A outra ocasião recente em que a deputada Júlia Zanatta ganhou o noticiário nacional foi a do suposto assédio. Também aí a sua conduta seguiu o modus operandi progressista: a despeito de investir na imagem de mulher forte, apela-se para os sentimentos cavalheirescos dos homens do próprio bando posando de vítima de um homem do bando adversário. A esquerda identitária quer mostrar que os homens de direita são estupradores vis que vão roubar as suas mulheres; a direita lacradora, vice-versa. Fomenta-se a cisão do país, que, dividido, é melhor para ser conquistado.

A situação foi a seguinte: durante um barraco cheio de gritaria na Câmara, a novata Júlia Zanatta batia boca com a veterana Lídice da Mata da Bahia (codinome “Feia” na planilha da Odebrecht). O deputado maranhense Márcio Jerry, governista como Lídice, chegou por trás da oposicionista e berrou no ouvido dela que era para ela respeitar os quarenta anos de mandato da baiana. De maneira ainda inexplicada, a deputada tinha alguém para capturar o momento e providenciou uma imagem estática do deputado Jerry em que ele parecia estar dando uma cafungada à Biden. Daí jogaram as imagens nas redes sociais e chamaram o homem de tarado que não respeita mulheres, quando ele estava justamente mandando respeitar uma mulher mais velha. Ele pode ser chamado de mal-educado (como muitos dos envolvidos), mas não de tarado.

Tomando por base o Twitter (não sei se foi diferente no Instagram) quem começou foi o deputado do Ceará André Fernandes. Ele escreveu (e a deputada endossou) que o maranhense “chegou POR TRÁS da deputada Julia Zanatta (PL/SC) e deu um cheiro no pescoço dela.”

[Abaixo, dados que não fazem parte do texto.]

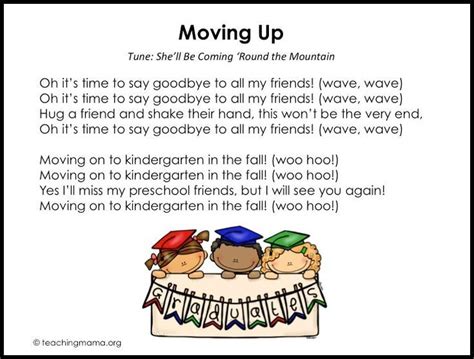 Preschool Graduation Songs - Free Printables & More Ideas | Preschool ...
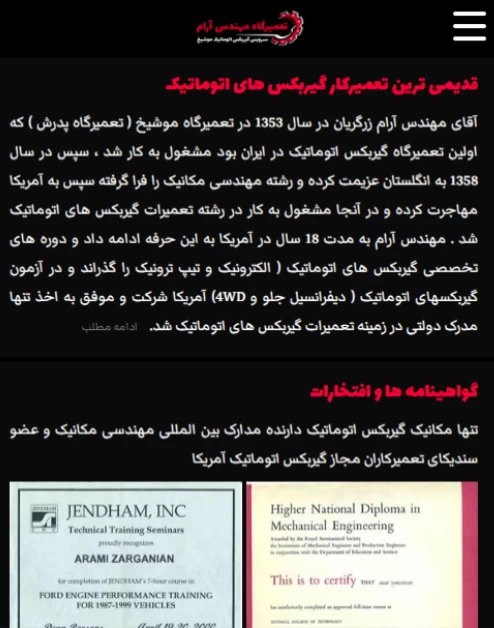 Moushekh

Para a sorte do deputado Jerry, mais alguém tinha a filmagem do barraco (como os deputados agora andam de celular em riste, é compreensível que haja mais filmagens, já que um barraco parlamentar é um ótimo pretexto para filmar, publicar e gerar engajamento nas redes. Assim, é de se pensar se as imagens que a deputada publicou não são excertos de um vídeo). Ele pôde exibir o vídeo em suas redes e deixar clara a situação. E é evidente que ele não cheirou pescoço coisa alguma. Logo, ambos os deputados oposicionistas que divulgaram essa calúnia devem ser punidos.

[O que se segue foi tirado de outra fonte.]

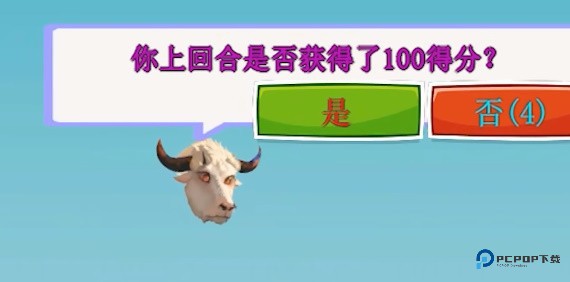 我的鸟制造游戏攻略3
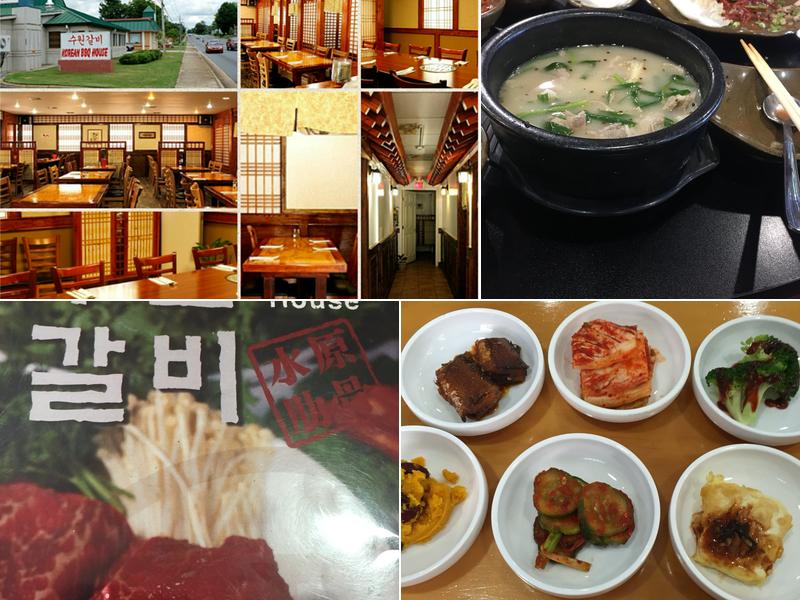 Korean BBQ House 303 E 10th St, West Point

Mas é claro que nada disso basta para convencer as redes sociais e os comentaristas da Globo News, que prontamente ficaram do lado da deputada a despeito das imagens exibidas na tela. Diz-se que algumas pautas devem ser suprapartidárias, mas a grande mídia determina qual é a esquerda aceitável e qual é a direita aceitável. (Até há pouco a direita aceitável era o Novo, cuja base minguou após as declarações de Amoedo.) A esquerda autorizada diz: “Ui, a polícia é má, tem que tirar”. A direita autorizada diz: “Ai, o cidadão tem que poder comprar fuzil”. Como se houvesse oposição, em vez de complementaridade! Ambas apontam uníssonas para segurança privada! Tira-se a polícia para botar segurança particular. Não é à toa que as ONGs passaram a chamar as favelas de “comunidade”, já que assim parece legítimo – de um ponto de vista anarcocapitalista – as comunidades se armarem para se defender.

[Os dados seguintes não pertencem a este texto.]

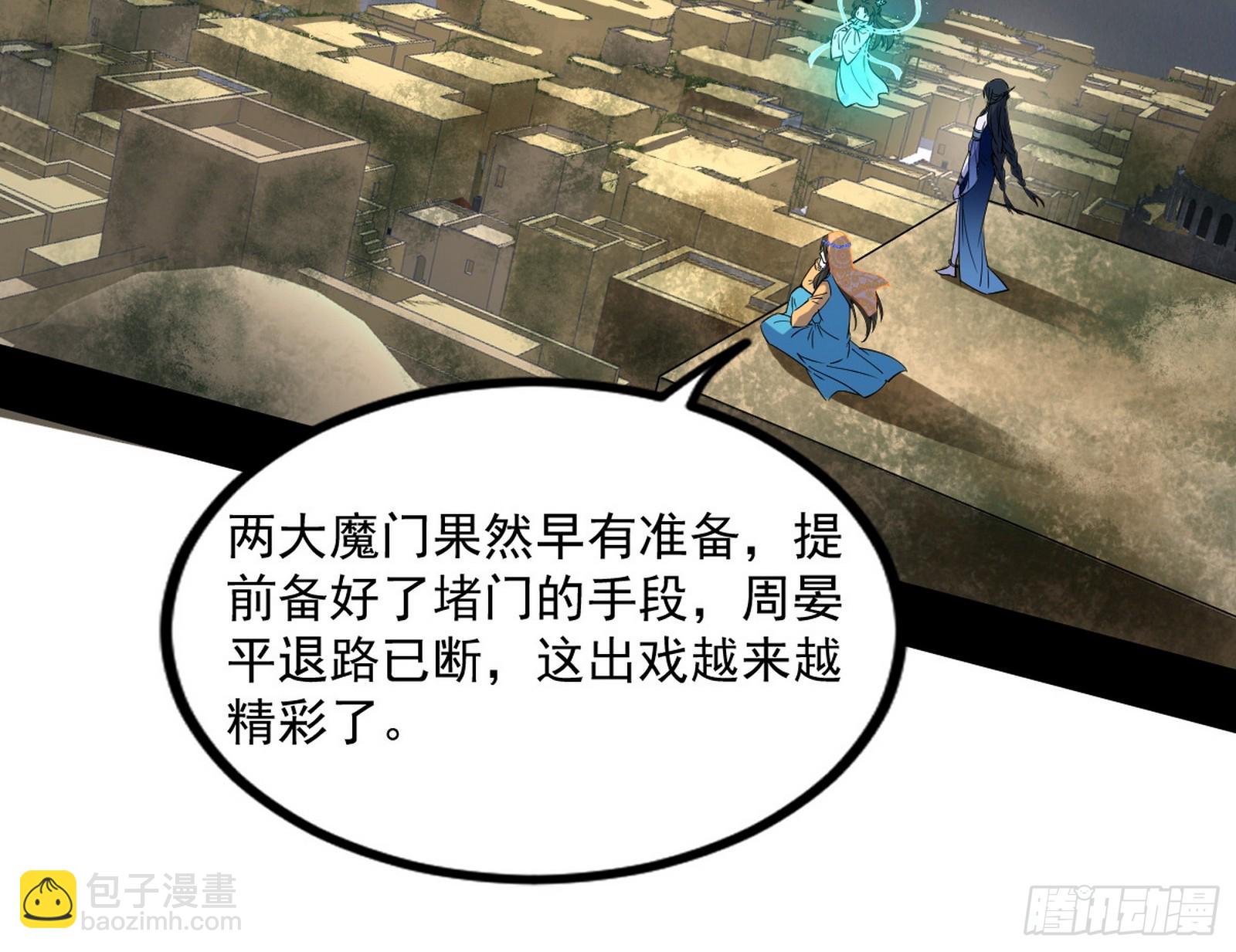 气源灵石的踪迹44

Se querer polícia é ser de direita, eu sou de direita. Se não querer cidadãos privados com fuzil é ser de esquerda, eu sou de esquerda.

 

Atualização/errata da autora

Ainda que posasse com a camisa do Femen em manifestações públicas, Carla Zambelli não fez parte oficialmente do grupo ucraniano. Por, isso onde se lia “se formos pensar em militantes políticas com florzinha no cabelo e recuarmos no tempo, encontraremos as armamentistas Carla Zambelli e Sara Winter no grupo feminista ucraniano Femen”, lê-se “se formos pensar em militantes políticas com florzinha no cabelo e recuarmos no tempo, encontraremos as armamentistas Carla Zambelli e Sara Winter na manifestação do grupo feminista ucraniano Femen”.

 

 

 

 

Por Bruna Frascolla é doutora em filosofia pela UFBa e autora de “As ideias e o terror” (República AF, 2020).